> EXERCISE AIM
The result should be the lines from the one that contains "S1-07301954000 York Support,Motor" to the final line of the entries below, copied exactly and with no pictures.

> GIVEN INFORMATION
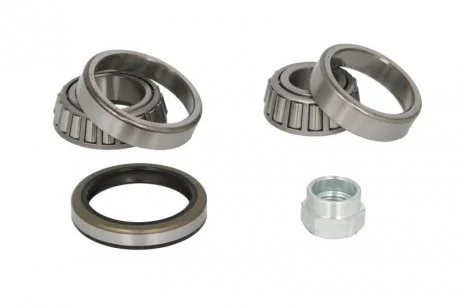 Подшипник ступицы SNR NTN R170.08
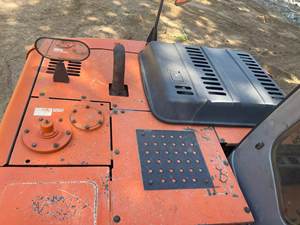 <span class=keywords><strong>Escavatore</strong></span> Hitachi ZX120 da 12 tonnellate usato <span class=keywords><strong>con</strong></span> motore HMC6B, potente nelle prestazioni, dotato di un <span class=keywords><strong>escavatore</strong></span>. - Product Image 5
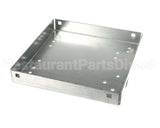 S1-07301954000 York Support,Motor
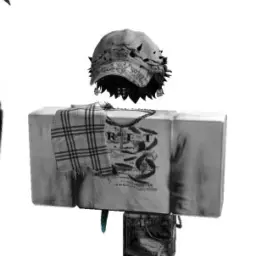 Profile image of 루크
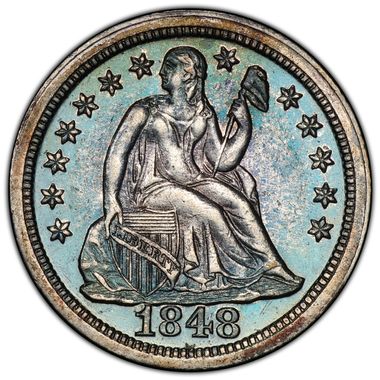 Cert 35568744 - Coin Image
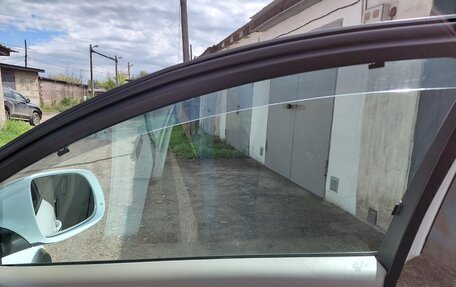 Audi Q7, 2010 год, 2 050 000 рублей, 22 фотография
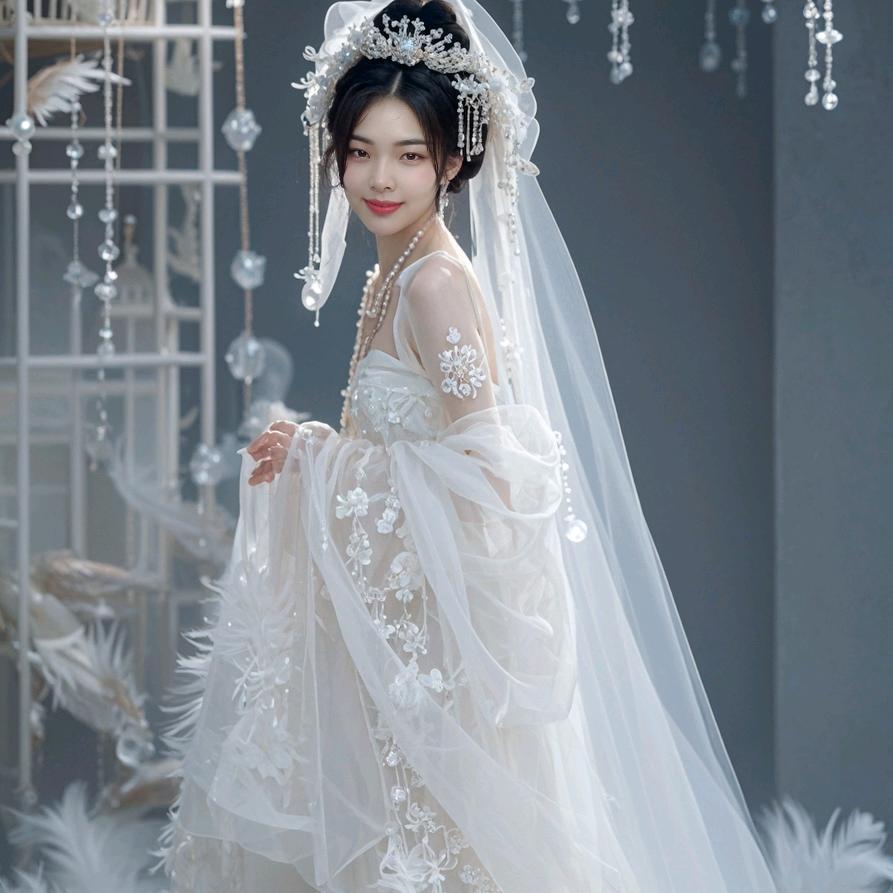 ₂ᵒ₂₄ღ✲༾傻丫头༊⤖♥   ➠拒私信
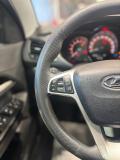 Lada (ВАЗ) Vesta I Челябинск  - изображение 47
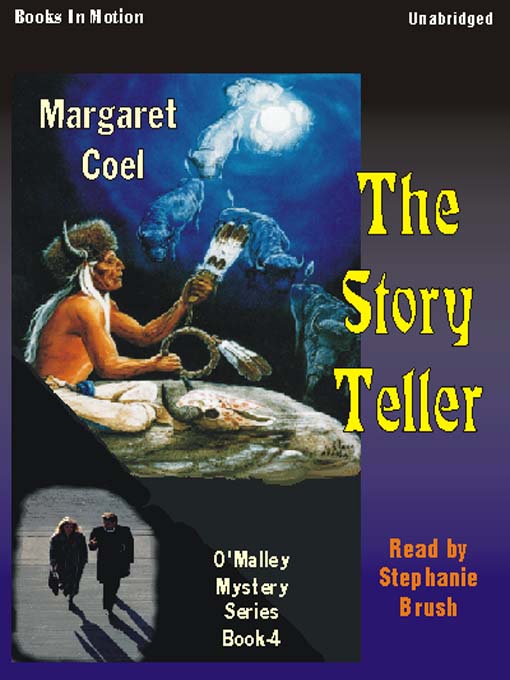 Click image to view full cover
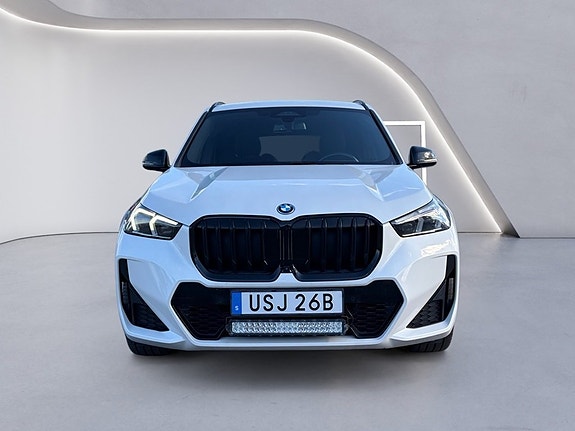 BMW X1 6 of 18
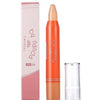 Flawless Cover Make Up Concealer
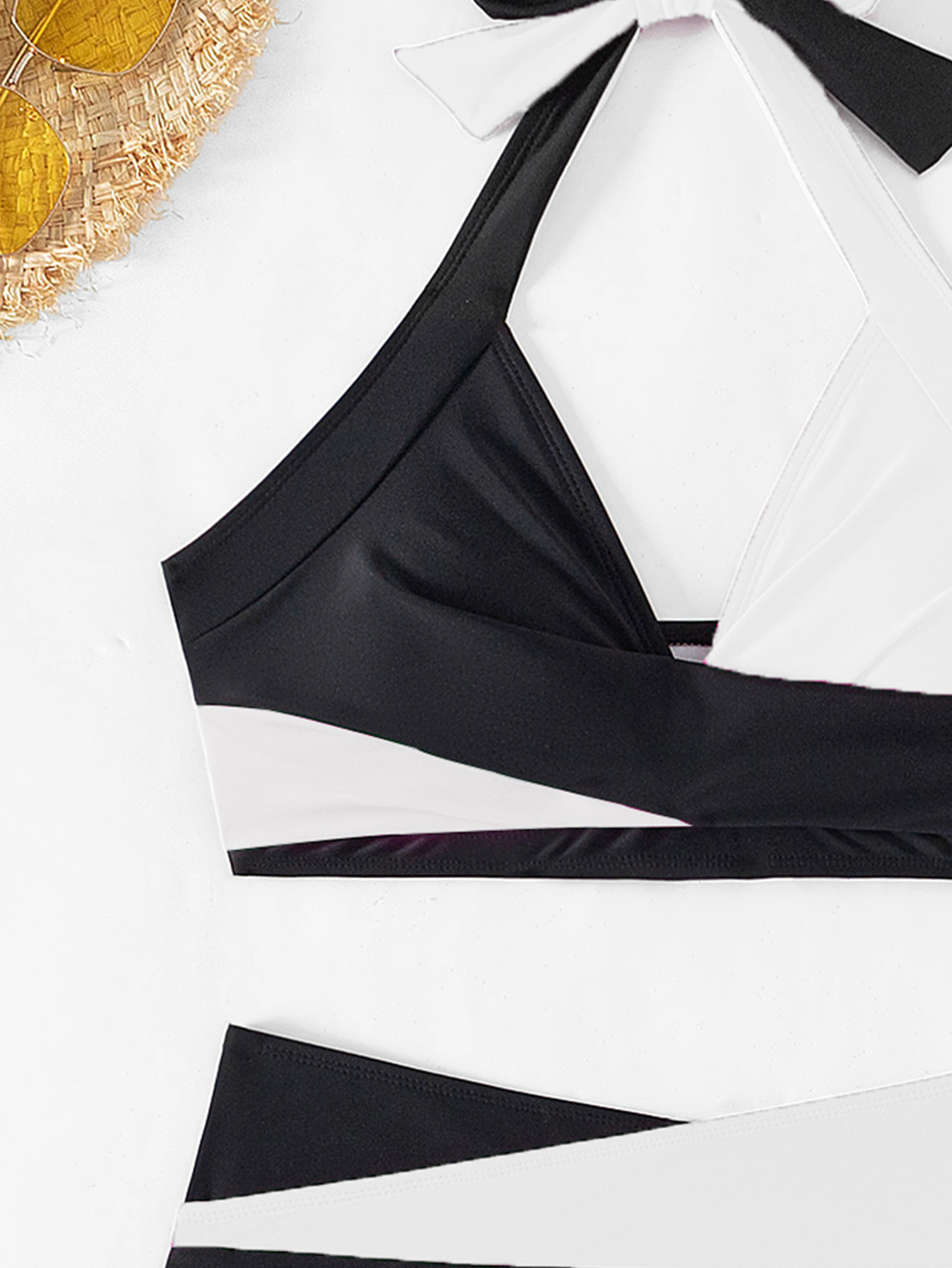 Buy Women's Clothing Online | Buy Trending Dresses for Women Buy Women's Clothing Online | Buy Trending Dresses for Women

> SOLUTION
 S1-07301954000 York Support,Motor
 Profile image of 루크
 Cert 35568744 - Coin Image
 Audi Q7, 2010 год, 2 050 000 рублей, 22 фотография
 ₂ᵒ₂₄ღ✲༾傻丫头༊⤖♥   ➠拒私信
 Lada (ВАЗ) Vesta I Челябинск  - изображение 47
 Click image to view full cover
 BMW X1 6 of 18
 Flawless Cover Make Up Concealer
 Buy Women's Clothing Online | Buy Trending Dresses for Women Buy Women's Clothing Online | Buy Trending Dresses for Women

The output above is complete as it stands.